Она не спала ночь, ни папе, ни тете Лиле ничего не сказала, а утром, еле живая, побрела в класс – дома оставаться было еще страшнее. Так хоть по лицам можно было что-то узнать, и, вообще, на людях.

– Уколы делают, прямо через рукав... Так вот прямо всунет и готово, рак... – таковы были первые слова, которые она услышала, открыв дверь. Увидев ее, все замолчали. Девицы, как пчелы, роились вокруг парты, за которой сидела Зарема, крупная, как и полагается матке, и осуществляла общее руководство. Под их взглядами Женька прошла к парте, стараясь не горбиться, достала книжку и сделала вид, что читает. Ну, что ж, пусть послушает, что народ говорит.

– Вчера в ЦУМе женщина кричала. Как раз сапожки давали; она кричит, задыхается...

– Какие сапожки?

– Ничего, симпатичные...

– А я вот слышала, – начала Зара, пресекая легкомыслие, – как один еврей из мальчика собаку сделал. У него соседи собаку украли, так он что сделал, украл сына ихнего, маленького, посадил в подвал и лаять учил. Пришли, а уж он не говорит, только лает.

– Ах, паразит! Вместо собаки!

– Ой, девочки, что деется!

– Я б его сожгла, живьем. Или в землю закопала.

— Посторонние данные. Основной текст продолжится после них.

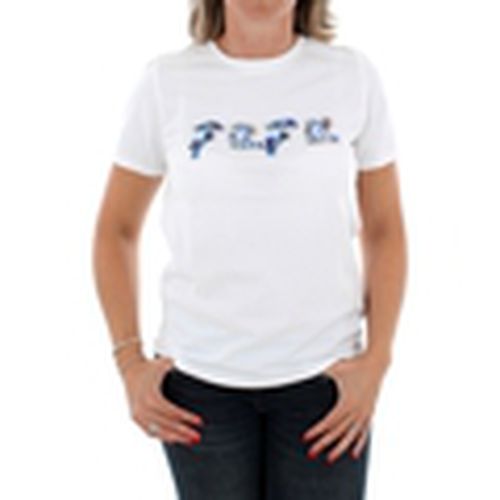 Camiseta ADA PL504145 802 OPTIC WHITE para mujer - Pepe jeans - Modalova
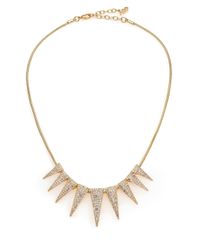 ABS By Allen Schwartz | Metallic Gold Coast Spike Necklace | Lyst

– Его милиция отбила, – сказала Зара важно. – Судить хотят.

– Да-а, знаем мы, судить... Сунут взятку, и поминай как звали.

– Они все такие. Их засудить очень трудно, очень.

– Ой, девочки, – только не перебивайте, – теперь я понимаю, почему моя тетя в прошлом году умерла. Так быстро, так быстро, мы просто не могли...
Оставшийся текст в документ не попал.